It’s that time of year again, when many people add charitable giving to their busy holiday to-do list. Year-end giving can come with great benefits, of course, and now is a good time to refresh on some highlights, as well as finer points that can get donors in trouble. An article in this week’s Wall Street Journal article gives some solid pointers on giving options to consider—and snags to avoid.
- Consider stock donations. This is a good year to give away appreciated stock, given 2013’s combination of stock price boosts and tax increases. But, as always, avoid giving away stocks that are worth less than you paid for them—those should be sold instead with proceeds then donated to charity, so that losses can be used to trim taxes.
- Take advantage of IRA opportunity. Those who are 70½ or older can transfer as much as $100,000 from an individual IRA to a qualifying charity, without that amount being included in their income. In addition, the transfer counts toward their required minimum distribution. While the transfer is not deductible, it isn’t included in income and as such won’t increase adjusted gross income (which can lead to phase-out of deductions and exemptions, and potentially increased taxes). It isn’t clear whether this benefit will be extended beyond this year, so check this one off the list now!

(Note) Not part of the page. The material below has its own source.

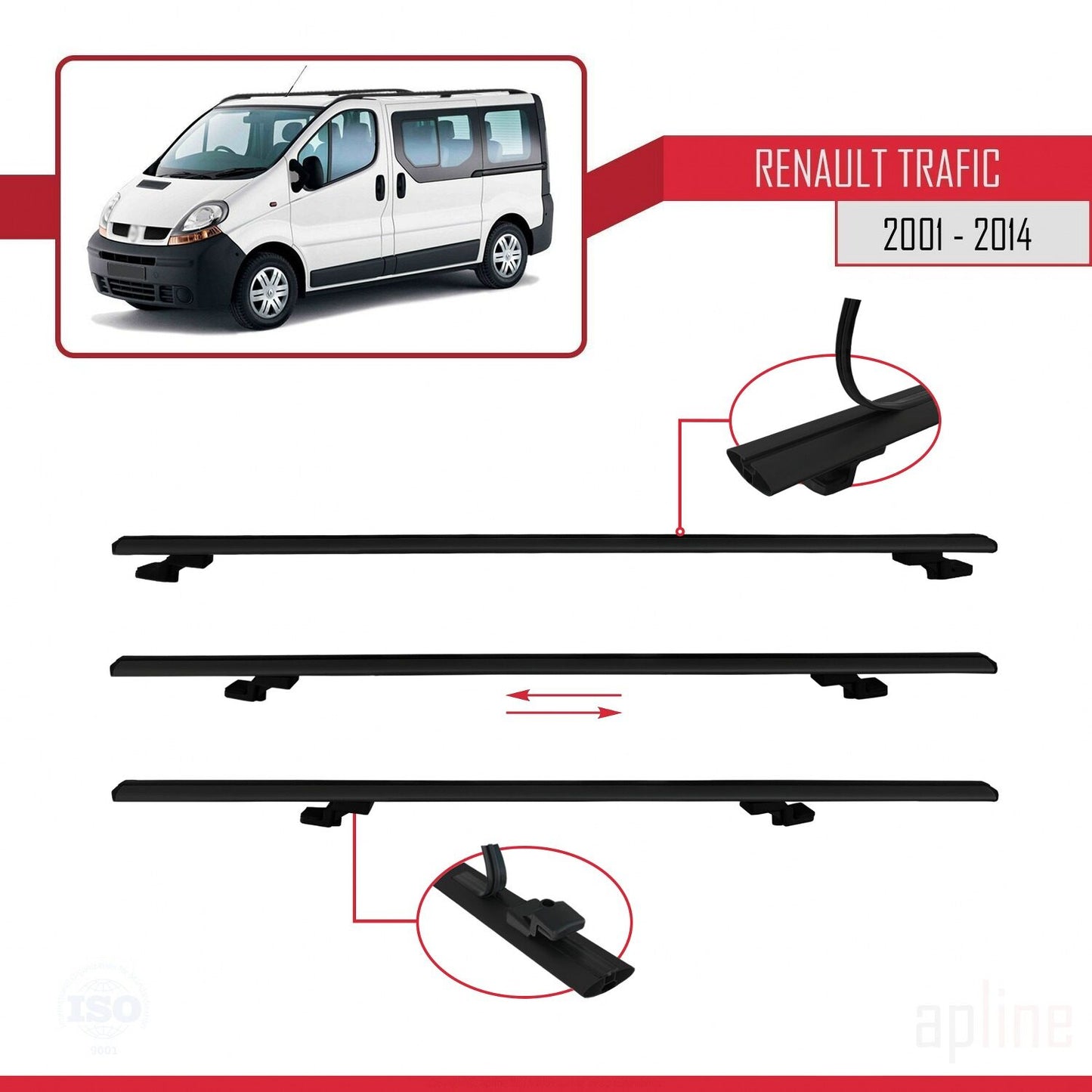 Compatible avec Renault Trafic 2 (X83) 2001-2014 BASIC Model Barres de Toit Railing Porte-Bagages de Voiture Noir Aluminium 3 Barres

- Look into donor-advised funds. These funds come with some great advantages, including a current tax deduction and the flexibility to recommend gifts to charities in the future (i.e., not all money donated to a fund this year needs to be paid out to charities this year). But be sure to shop around and make sure the organization’s policies are a good fit—many organizations offer donor-advised funds that vary in terms of minimum donation amounts, ability to name successor advisers, and associated fees.
- Make sure to get receipts. Donations of $250 or more require a contemporaneous receipt from the IRS that acknowledges the gift and whether the charity gave the donor anything in exchange for the donation—and if so, a good faith estimate of its value. Gifts of property can carry additional requirements; see IRS Publication 526 for more information.

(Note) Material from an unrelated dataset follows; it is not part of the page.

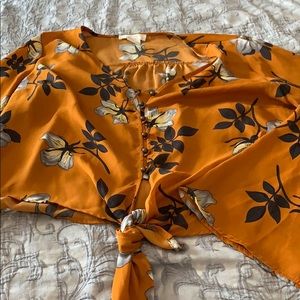 Orange floral long sleeve blouse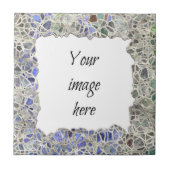 Blauer Mosaik-Rahmen Fliese (Vorderseite)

The IRS also has issued some year-end giving guidance, which includes reminders about some basic requirements:
- Contributions are deductible in year made. This means that a donation made by credit card before year-end is deductible this year, even if the credit card bill isn’t paid until 2014.
- Recipient must be eligible charity. Use the IRS Exempt Organization Select Check feature to confirm 501(c)(3) status and whether an organization is a public charity or private foundation—though keep in mind that churches, synagogues, temples, mosques and government agencies are eligible to receive deductible donations, even if they are not listed.

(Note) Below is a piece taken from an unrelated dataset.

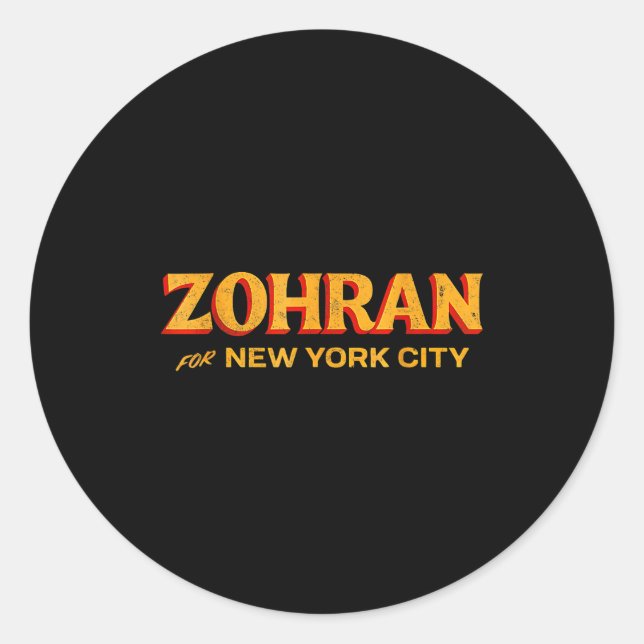 Zohran Mamdani For Nyc Mayor Funny Cool Trendy Pro Classic Round Sticker (Front)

- Taxpayers must itemize to take advantage of charitable deduction.
- Keep in mind requirements for certain donations. For example, donations of vehicles often will be limited to the price a charity receives for selling it (rather than fair market value). And donations of clothing or household items need to be in good used condition or better.
All in all, year-end giving allows you to combine financial planning with the altruistic spirit of the season, and opportunities abound!